New details are emerging in Boston federal court about the scope of a Central American gang's infrastructure here in Greater Boston.
Authorities say Rafael Leoner-Aguirre is a leader of the MS-13 gang, which is headquartered in his native El Salvador. He is on trial for conspiracy charges, as prosecutors say that, as a gang leader, he took part in attempted murder, intimidation and drug trafficking.
Also known as "Tremendo" to his gang associates, Leoner-Aguirre crossed the southern border illegally in 2014 headed for Chelsea, says the government, sent by gang leadership to help organize a fledgling branch of MS-13 known as the Enfermos. Court documents state that there are a number of different "cliques," or chapters, of MS-13 in the state, with members operating in East Boston, Everett, Chelsea, Somerville, Lynn and Revere.
A cooperating witness for the government, a young man who is originally from Honduras but who attended Chelsea High School, testified Wednesday, offering a play-by-play account of how Leoner-Aguirre set about to establish a foothold for the gang in Chelsea. The witness has not been named in court documents in order to protect him and his family.

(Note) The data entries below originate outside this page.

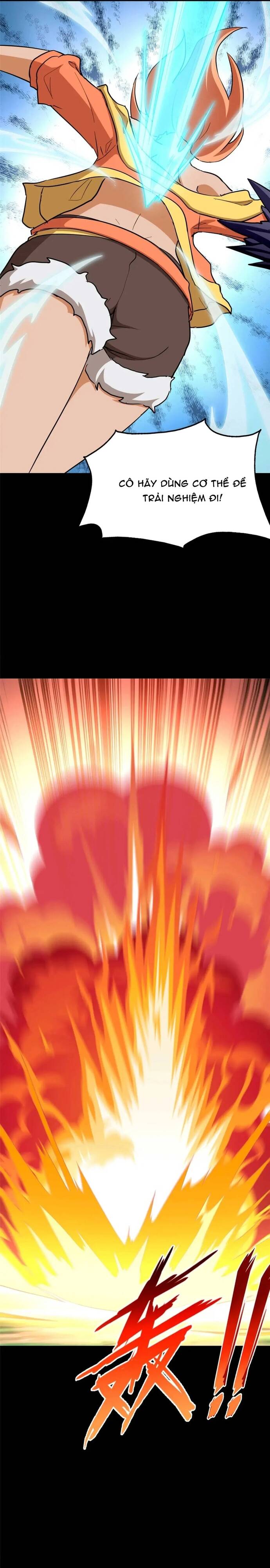 Bạn Gái Zombie Của Tôi Chapter 481 - 30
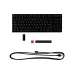 Μηχανικό πληκτρολόγιο HyperX Alloy Origins Core PBT, Black (639N9AA)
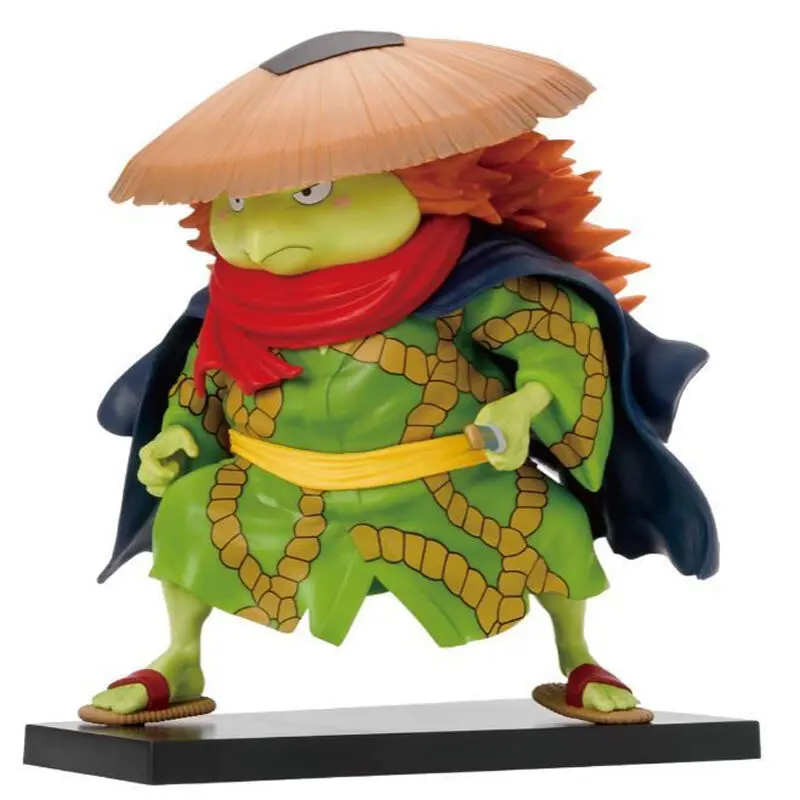 One Piece The Nine Red Scabbards je zde Kawamatsu Ichibansho figurka 13cm fotografii produktu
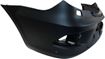 Bumper Cover, Mercedes Benz Sprinter 14-17 Front Bumper Cover, Txtd, W/ Hlw/Ptronic/Fl Holes, Rwd, Replacement REPM010412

During cross examination by the defense, the witness said that he was one of only three or four MS-13 members in Chelsea in 2012, when he was just a freshman at the high school. He described tension with a rival gang, 18th Street, and said that he was repeatedly beat up by members of that gang and warned that he was in 18th Street territory.
Both 18th Street and MS-13 have roots in El Salvador, where ongoing gang violence has played a large role in the migration of unaccompanied minors seeking to flee the pressures of gang life. In his testimony, the government's witness painted a picture of similar violence and pressure he said was unfolding in Chelsea.
As a "chequeo" or new member, of MS-13, the witness said he had little status among his fellow members and described patrolling the streets of Chelsea looking for rival gang members to murder, a move that would have elevated his status to "homeboy." The witness said he never reached homeboy status.
The government says that Leoner-Aguirre attempted two murders himself targeting rival 18th Street members with a gun and a machete -- a favorite weapon of choice for MS-13 members in El Salvador.
The trial, which is back in session Thursday, came about as a result of a larger indictment naming 61 supposed MS-13 members and listing charges that range from conspiracy and murder to drug trafficking of cocaine, marijuana and heroin. According to the Department of Justice, 23 of those 61 defendants have pleaded guilty.
This segment aired on November 16, 2017.